Every entry must be given again exactly. Include no pictures.

[Brief descriptive captions]
********************

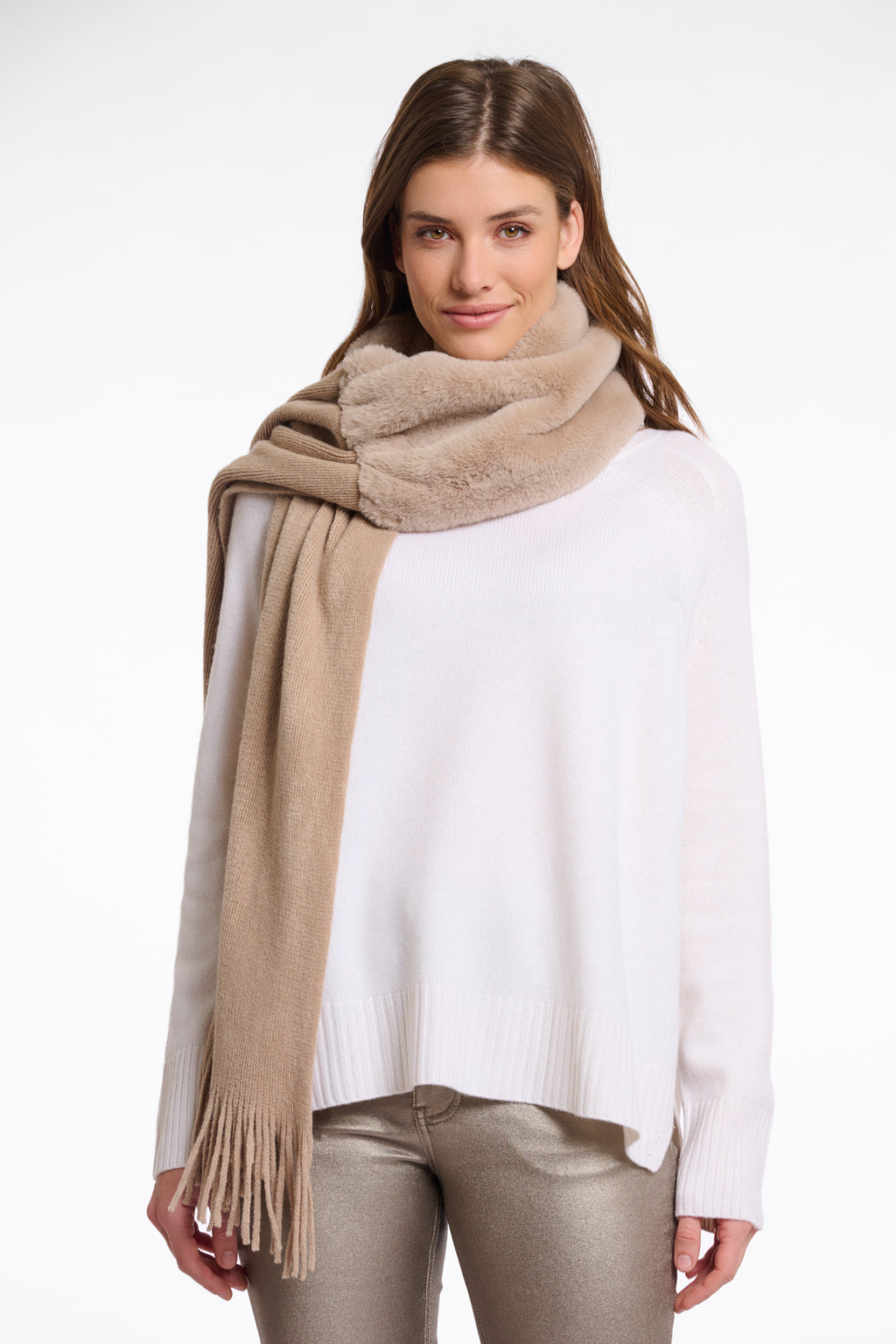 Rino & Pelle Vlien Fur Scarf - Oat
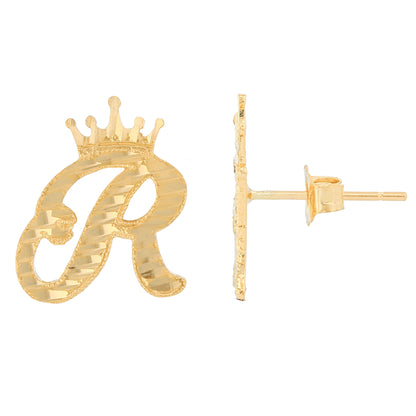 Regal Crown Design Diamond Cut Accent Initial Letter Earrings (JackAni# E13636)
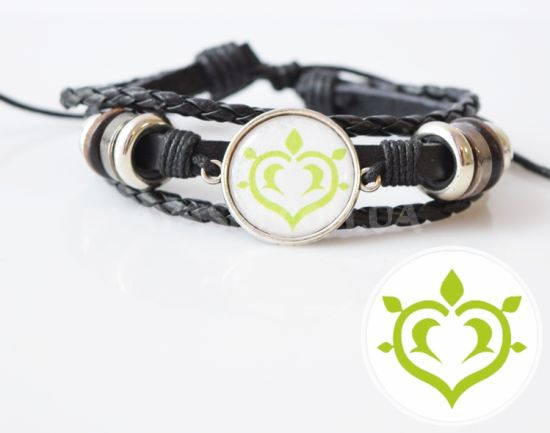 Браслет №004-0033-1 Genshin Impact Дендро (на белом), тройной чёрный с кабошоном 20 мм Браслет №004-0033-1 Genshin Impact Дендро (на белом), тройной чёрный с кабошоном 20 мм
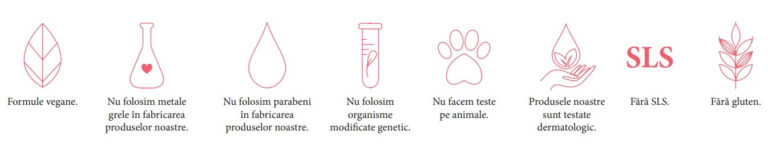 Produse testate dermatologic, formule vegane, fără metale grele în fabricarea produselor farmasi, fără parabeni, fără organisme modifcate genetic, fără teste pe animale, fără SLS, fără gluten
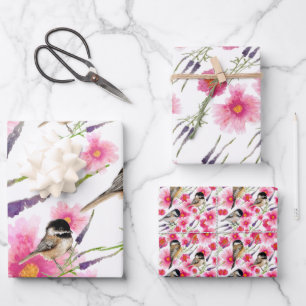 Cute Chickadee Watercolor Floral  Wrapping Paper Sheet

********************

### Output of the exercise:
 Rino & Pelle Vlien Fur Scarf - Oat
 Regal Crown Design Diamond Cut Accent Initial Letter Earrings (JackAni# E13636)
 Браслет №004-0033-1 Genshin Impact Дендро (на белом), тройной чёрный с кабошоном 20 мм Браслет №004-0033-1 Genshin Impact Дендро (на белом), тройной чёрный с кабошоном 20 мм
 Produse testate dermatologic, formule vegane, fără metale grele în fabricarea produselor farmasi, fără parabeni, fără organisme modifcate genetic, fără teste pe animale, fără SLS, fără gluten
 Cute Chickadee Watercolor Floral  Wrapping Paper Sheet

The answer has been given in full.